Ideal of Human Unity - Revised draft of the Readings of Chapters

Readings in Chapter XXI (Part 1)

The Drive towards Legislative and Social Centralisation and Uniformity

I

Unity and Uniformity of Judicial Administration

One of the hallmarks of modern history has been the process by which the State substituted itself for the natural organic society. Sri Aurobindo examines this transition and points out that the consolidation of the powers of the State is completed not only by executive and financial prowess but when there is finally unity and uniformity of judicial administration (The Ideal of Human Unity, pg 451).

The evolution of judicial functions date to antiquity and but were spread out in a somewhat loose and customary way which had complexity but not uniformity. Sri Aurobindo lists some important judicial administrative set-ups of early communities which actually survived for a long time before the State-idea developed:

1. The Indian panchayat or village jury

2. Guilds or other natural associations

3. Assembly or convocation of citizens as in various Roman comitia

4. Juries, usually large and unwieldy, chosen by lot or otherwise as in Rome and Athens

5. Judicial actions of kings or elders in their administrative capacity (Ibid, pg 451-452)
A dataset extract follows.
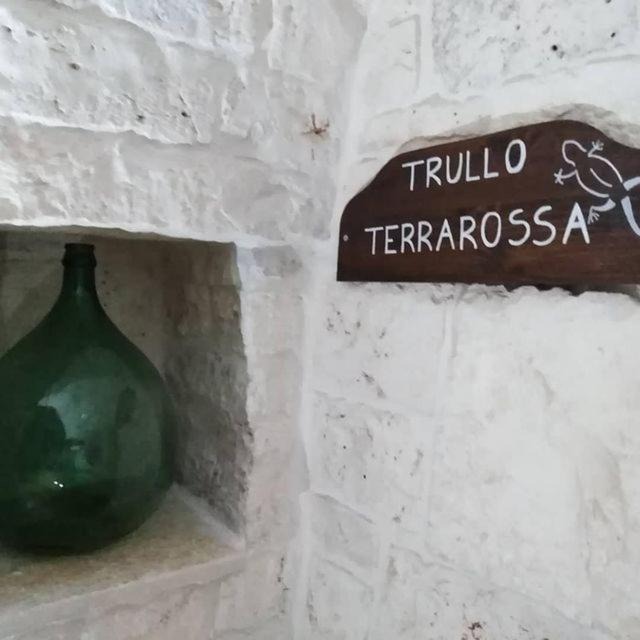 Casalini House | Trullo Terrarossa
It is interesting that though such judicial systems were complex in nature, they survived a long time, ostensibly because until the State-idea of modern times developed, there was no pressing urge for "uniformity of jurisdiction or of a centralised unity in the source of judicial authority".(Ibid, pg 452) However, with the growth of the State idea, the unity and uniformity of judicial administration becomes imperative. "It accomplishes itself at first by the gathering up of all these various jurisdictions with the king as at once the source of their sanctions and a high court of appeal and the possessor of original powers, which are exercised sometimes as in ancient India by judicial process but sometimes in more autocratic polities by ukase - the latter specially on the criminal side, in the awarding of punishments and more particularly punishments for offences against the person of the king or the authority of the State".(Ibid) [Note that "ukase" refers to a regal proclamation that had the force of Law. Such decrees were characteristic in Imperial Russia]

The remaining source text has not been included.